But at this point the choices are narrowing. And although we still don't know which one we're going to end up with, I figured it would be useful to me to write them down, along with how we got here, and others might find them likewise useful.

Theresa May has failed to pass her deal twice, and been told that she can't bring it forward again.

She can, of course, bring it forward again. By passing a motion to bring it forward. But that requires a majority to debate it. Which it's not clear she has.

Apparently some Conservatives who voted against it are upset that they now can't vote for it. Which is the kind of performative idiocy which got us into this disastrous mess in the first place.

She's now gone to the EU to ask for a short extension. They've said "You can't have an extension without a reason for it." Which is a surprise to nobody, because they've been saying that for a long time. The UK needs to put forward either a referendum or an election or some other thing which might actually lead to an actual decision. They have no interest whatsoever in just letting this drag on pointlessly. Frankly, they have better things to do with their time.

So the options remaining are to tell the EU we need an extension for something meaningful (basically, either a general election or a referendum), to vote for May's Deal, or to crash out with No Deal.

All of these are plausible results of the next week. None of them seem any more likely than any of the others.

There are a few things I don't understand.

I don't understand what the No Deal people are thinking long term. Are they planning to _never_ have a deal with the huge trading bloc next door? Because I would assume that when the UK decides that it does want a deal that really high up the list of EU demands will be open borders with Ireland, with everything that entails.

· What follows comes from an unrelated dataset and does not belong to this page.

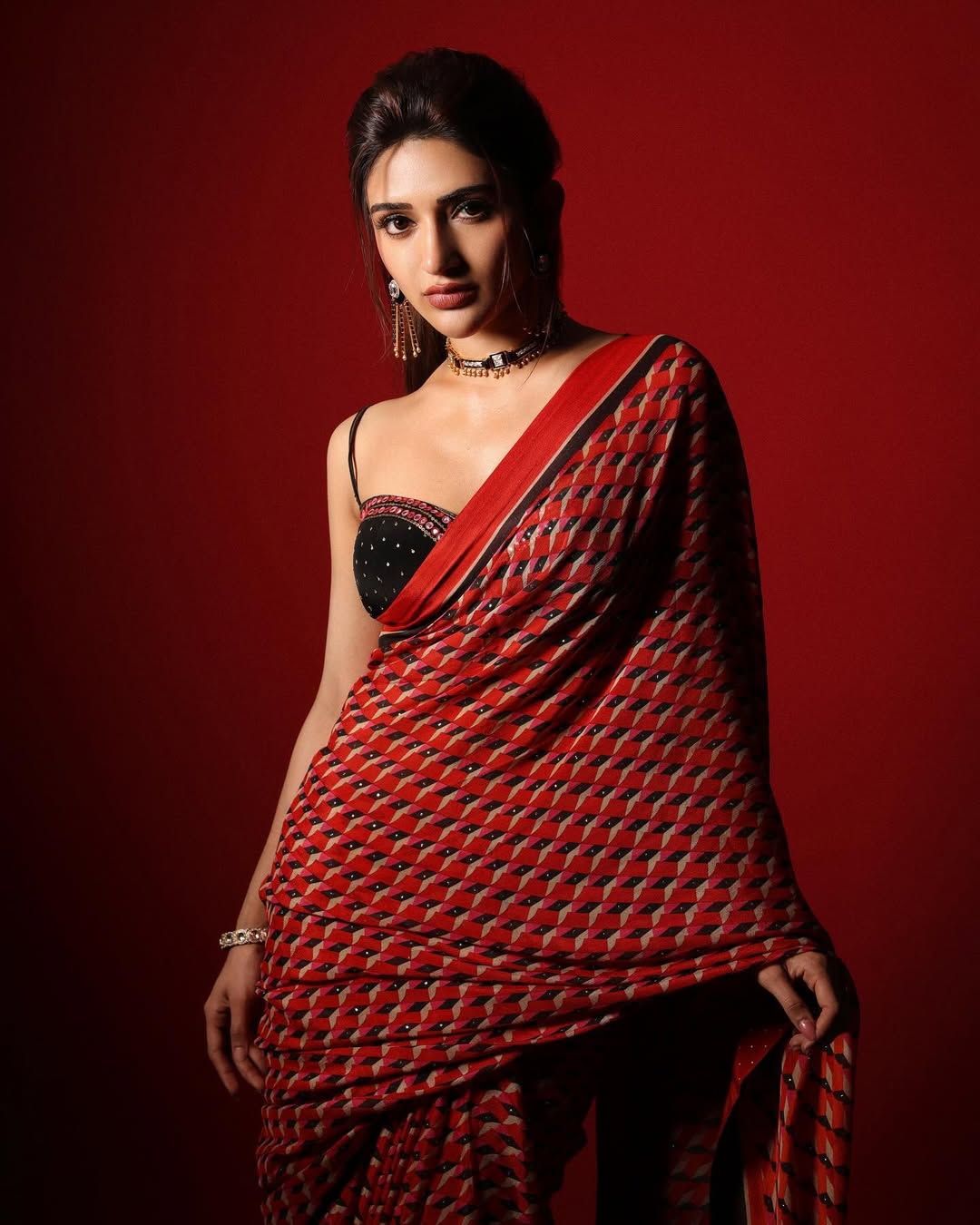 sreeleela hd image in classic red and black saree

I don't understand what most MPs are thinking. I don't know if they don't understand the EU, are avoiding thinking about the EU, or just don't want to step out of line with whichever party bloc they're following. Rees Mogg I understand - he's got a huge amount of money and Brexit could make him even more. Boris wants to be PM, and will say anything to get there (and the truthfulness of his words is irrelevant to him). Theresa May has decided that she must deliver Brexit no matter what. But most MPs seem to be wilfully ignoring how the world works, vaguely hoping that someone else will be the adult in the room and save them, and I can't tell if this is an intellectual inability to understand, or a wilful refusal to look at the facts.

To be honest, at this point I don't think May's deal is _that_ bad. It hilariously traps us in the EU until magic sparkle technology fixes the Irish Border Problem. And it leaves things open for frankly any kind of actual relationship. No Deal is catastrophic, obviously. Food Riots are not something we should be seriously considering. My preferred solution would be to revoke the whole thing, but as there's absolutely nowhere near the numbers for that in parliament, I strongly suspect that should it come down to the wire that MPs will be left with a choice between "Run another referendum", "Vote for May's Deal", and "No Deal". I'd like to hope they'd go for the referendum. But as Jeremy Corbyn is so childish that he'll stomp out of a meeting if someone he doesn't like is invited to it, the chances of actual compromise are incredibly low. So doom for all it is!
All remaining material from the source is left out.